The CPI is the weighted average index value of a typical basket of consumer goods purchased by a typical consumer statistically stated as a non–monetary initial index value of 100 at the start date. The CPI is thus fixed in real terms – not in nominal terms. It changes monthly in nominal terms, but, it stays fixed in real terms.

An example is the harmonized consumer price index of the Euro Area stated as the non–monetary index value of 100 in 2005. This fixed internal unit of real value is then compared to the weighted average price of the typical basket of consumer goods and services a year later in order to determine the annual rate at which inflation is eroding the real value of only money and other monetary items in only the monetary economy or deflation is creating real value in only money and other monetary items in only the monetary economy. Inflation and deflation have no effect on the real value of non–monetary items. The same is true for hyperinflation.

The stable measuring unit assumption (not inflation and hyperinflation) erodes the real value of constant items never maintained constant (never measured in units of constant purchasing power in a double–entry accounting model where the real value of capital is equal to the real value of net assets) during inflation and hyperinflation under the Historical Cost paradigm.
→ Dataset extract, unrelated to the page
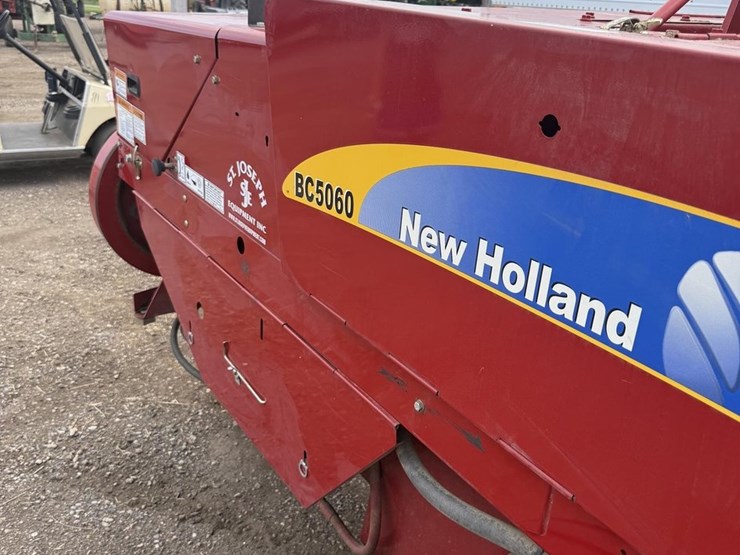 new-holland-bc5060-image-9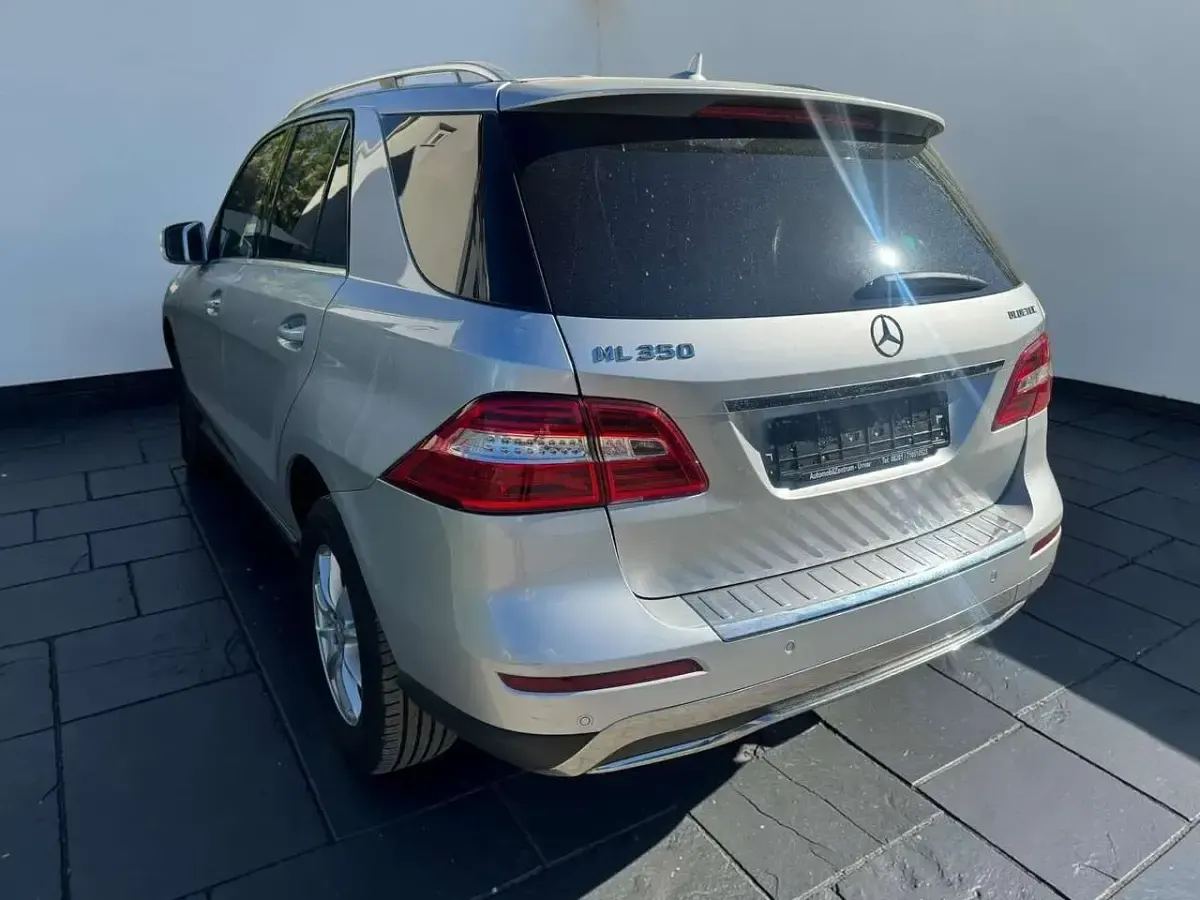 Gebraucht Mercedes ML350 258 PS (189 kW) 2012 Silber SUV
Similarly, it is not deflation, but, the stable measuring unit assumption that creates real value in constant items never maintained constant (qualified as per the previous sentence) during deflation under HCA.

The annual percentage change in the CPI indicates the annual rate at which only the real value of the national (or monetary union, e.g. the European Monetary Union) monetary unit and other monetary items is being eroded by the economic processes of inflation and hyperinflation or being increased by the economic process of deflation.

A Daily Consumer Price Index is a lagged daily interpolation of the CPI based on the formula to calculate the daily price of a government inflation-indexed bond in a particular country, e.g., the formula used to calculate the Unidad de Fomento in Chile or the formula to calculate the daily price of TIPS in the US.



Every country which issues inflation-indexed government bonds has a Daily Consumer Price Index based on the respective CPI. In practice, a DCPI is used to inflation–adjust monetary items, to update historical variable items and to measure constant items in units of constant purchasing power under Constant Item Purchasing Power Accounting; i.e. financial capital maintenance in units of constant purchasing power during inflation and deflation as authorized in International Financial Reporting Standards (IFRS) in the original Framework (1989), Par 104 (a).

The Unidad de Fomento in Chile is the most successful monetized daily indexed unit of account to date.

A DCPI is calculated and published daily, for example, the UF published daily by the Banco Central de Chile. The monthly published CPI for the first day of any month is only available – at the earliest – round–about the tenth of the next month: up to 41 days later. The SA CPI for the first of the month can become available up to the 24th of the next month: i.e. up to 55 days later. This is very impractical for daily financial capital maintenance in units of constant purchasing power.